As investors and estate agents visit Cityscape Global this week, they will find a property market that has had its exuberance calmed by government policies. This slowing of demand is the result of a deliberate strategy introduced following a 2014 IMF warning that Dubai’s housing market was overheating.
Since then, the Central Bank has introduced a series of caps to the amount of loan to value that consumers can take on to fund property purchases. More important has been the doubling of the transaction tax on sales. This hits the appeal of flipping, a proximate cause of the 2008 financial crisis. Buying to resell in a few months’ time is much less attractive if you’ll be hit with a 4 per cent charge each time you trade land titles.
Another big impact comes from the strengthening dollar. As the price of Dubai property rises in foreign currency terms, selling makes more sense than buying. Property owners see sales earnings go further in their home countries, while foreign buyers want to wait until the dollar falls again before jumping into the market.
The cooling of Dubai’s property market is a welcome development. It reduces the susceptibility of the emirate to sudden capital outflows, like those of 2008. Lower rents in Dubai will be welcomed by tenants, while rent yields are making buy-to-let purchases more attractive. The long-term prognosis is for moderate, positive price growth: Expo 2020, which will swell demand for housing in Dubai, should support prices over the next few years.
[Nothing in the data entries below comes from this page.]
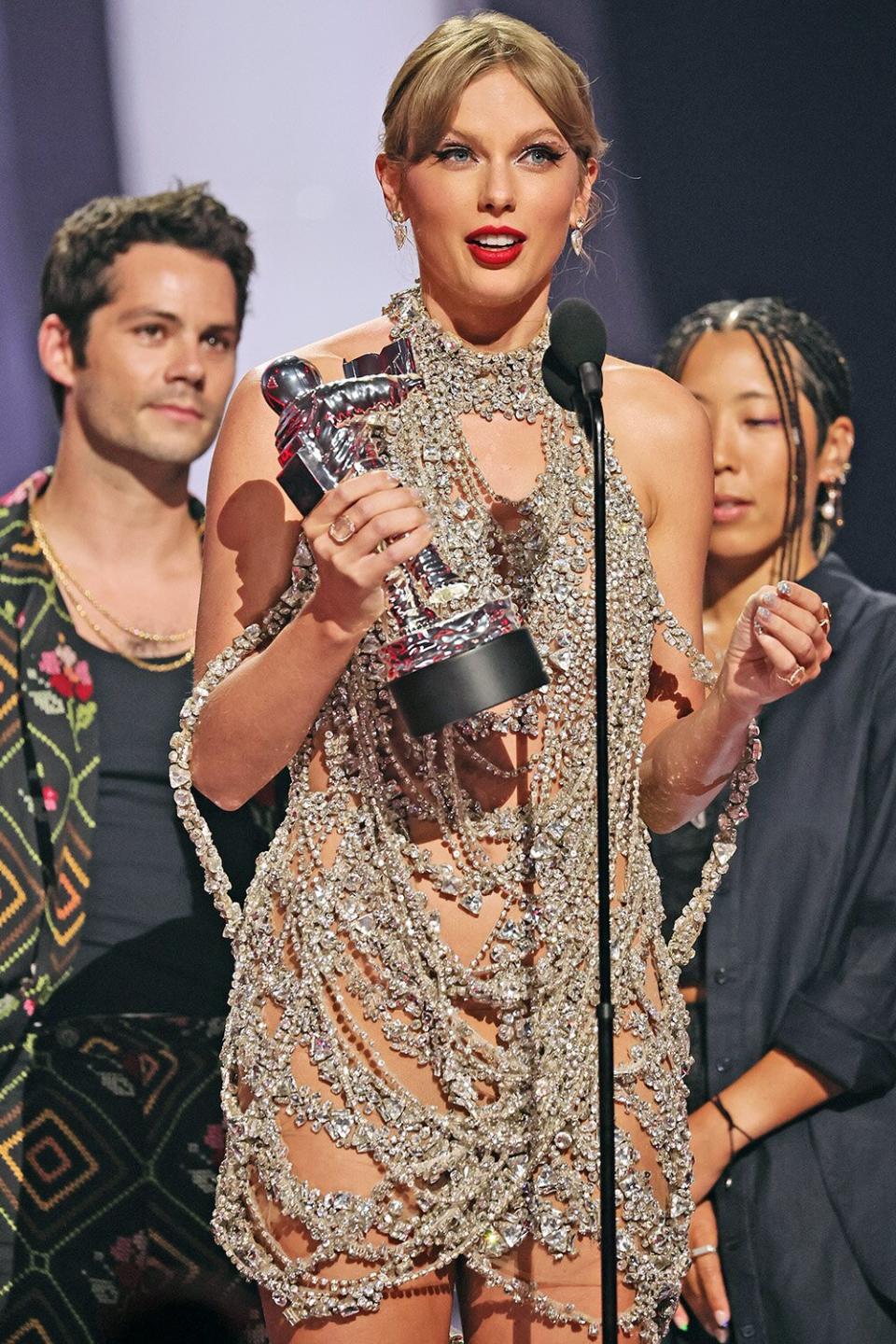 NEWARK, NEW JERSEY - AUGUST 28: Taylor Swift accepts the Video of the Year award for “All Too Well” (10-minute Taylor’s Version) onstage at the 2022 MTV VMAs at Prudential Center on August 28, 2022 in Newark, New Jersey. (Photo by Theo Wargo/Getty Images for MTV/Paramount Global)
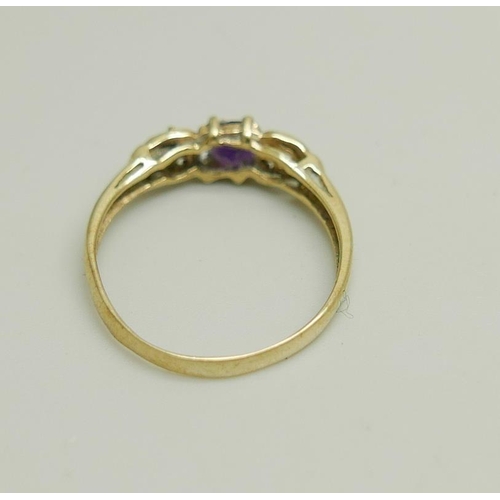 1169 - A 9ct gold, amethyst and white stone ring, 1.1g, M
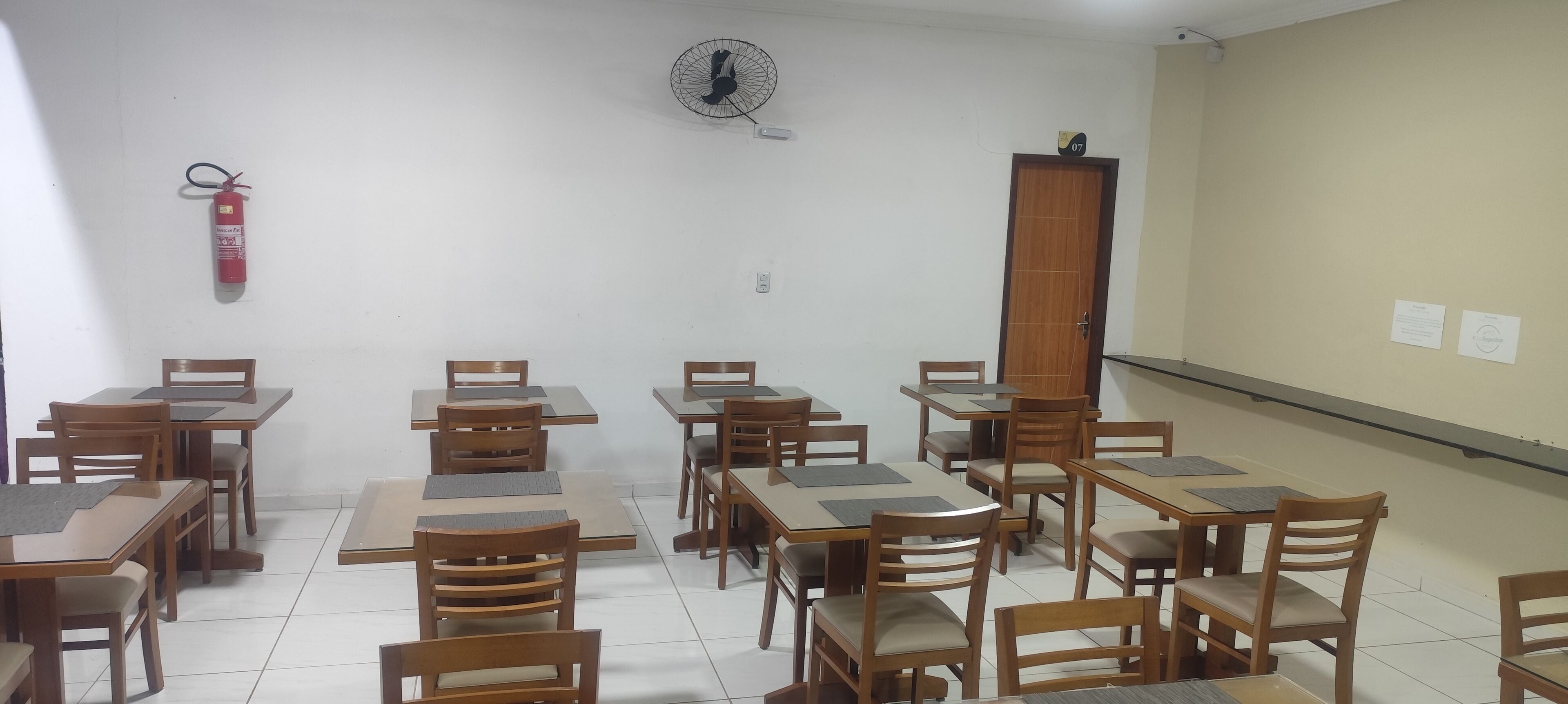 Un aula con mesas y sillas de madera, un extintor, un ventilador y una puerta con el número 07.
But market trends disguise sub-market frictions. A shortage of affordable housing continues to make life tricky for low- and middle-income residents. Much of the upcoming Dubai housing stock caters to wealthy buyers, while rents in cheaper areas have risen fastest of all. That eats into the standard of living of those on low incomes. Rents in Abu Dhabi, where the housing stock is growing more slowly than the population, are set to rise further. Developers must ensure that the country has enough housing available across the income spectrum as a lack of cheap homes could hurt the UAE’s ability to attract workers – there were signs yesterday at Cityscape that this is beginning to happen, but more needs to be done.